Traditional model-free RL algorithms can be broadly classified as being value-based or policy-based. The core principle of value-based algorithms is reward prediction: agents are trained to predict the expected discounted future return for taking any action in any state, commonly using TD learning. Policy-based algorithms are instead based on directly searching for policies that maximize returns. The basic principle of ⅂ꓤ are different from both of these categories: given a particular definition of _commands_, it defines a _behavior function_ that encapsulates knowledge about the behaviors observed so far compatible with known commands. The nature of the behavior function is explained using two examples below.

### Example 1

Consider a simple dart-throwing environment where each episode lasts a single step. An agent learning to throw darts receives a return inversely proportional to the hit distance from the center of the board. In each episode, the agent observes the initial state of the dart, and takes an action that determines the force and direction of the throw. Using value-based RL for this task would amount to training the agent to predict the expected return for various actions and initial states. This knowledge would then be used for action selection e.g. taking the action with the highest expected return.
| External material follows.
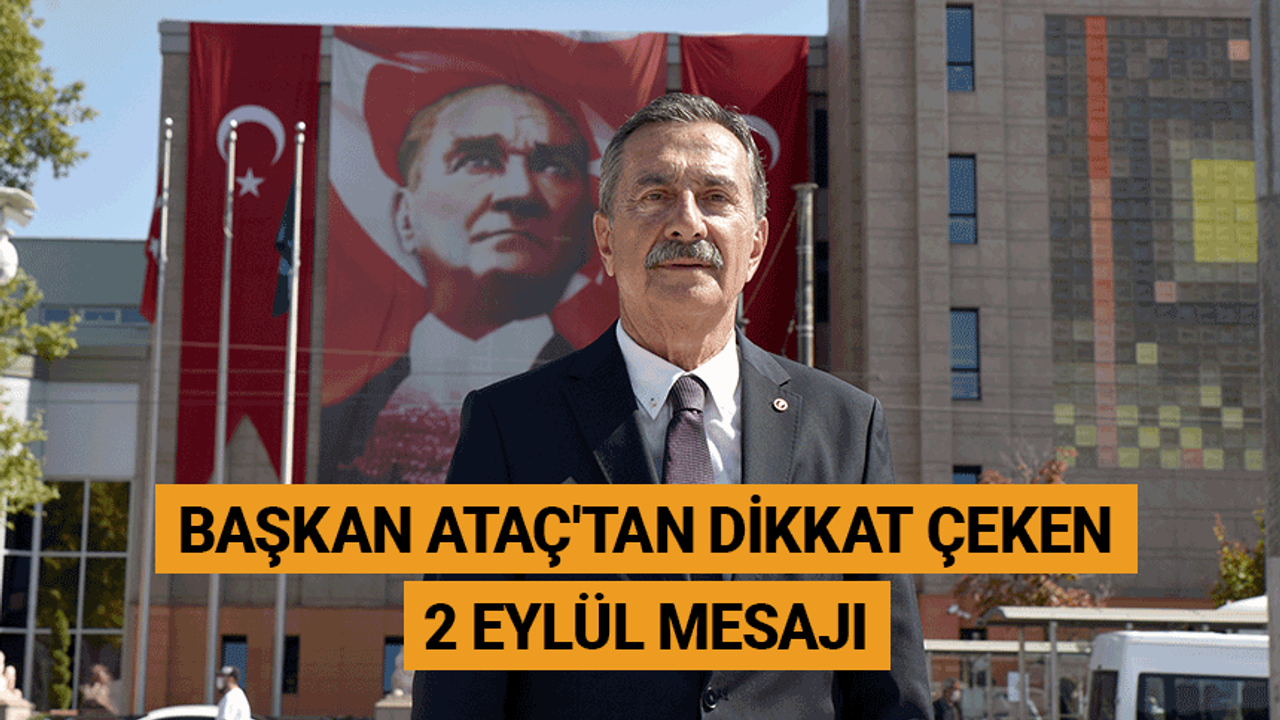 Başkan Ataç'tan dikkat çeken 2 Eylül mesajı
In ⅂ꓤ, the agent’s knowledge is represented not in terms of expected returns for various states and actions, but in terms of actions that are compatible with various states and desired returns i.e. the inputs and targets of the agent’s learning procedure are switched. The dart throwing agent would be trained to directly produce the actions for hitting desired locations on the board, using a behavior function B<sup>2</sup> learned using its past experience. Figure 1 schematically illustrates this difference between B and the Q-value function commonly used in value based RL. Since this environment consists of episodes with a single time step, both Q and B can be learned using SL. 

The next example illustrates a slightly more typical RL setting with longer time horizons.

### Example 2

Consider the simple deterministic Markovian environment in Figure 2 in which all trajectories start in s<sub>0</sub> or s<sub>1</sub> and end in s<sub>2</sub> or s<sub>3</sub>. Additionally consider commands of the type: achieve a given desired return in a given desired horizon from the current state. A behavior function based on the set of all unique behaviors possible in this environment can then be expressed in a tabular form in Table 1. It maps states and commands to the action to be taken in that state compatible with executing the command. In other words, it answers the question: _"if an agent is in a given state and desires a given return over a given horizon, which action should it take next?"_ By design, this function can now be used to execute any valid command in the environment without further knowledge.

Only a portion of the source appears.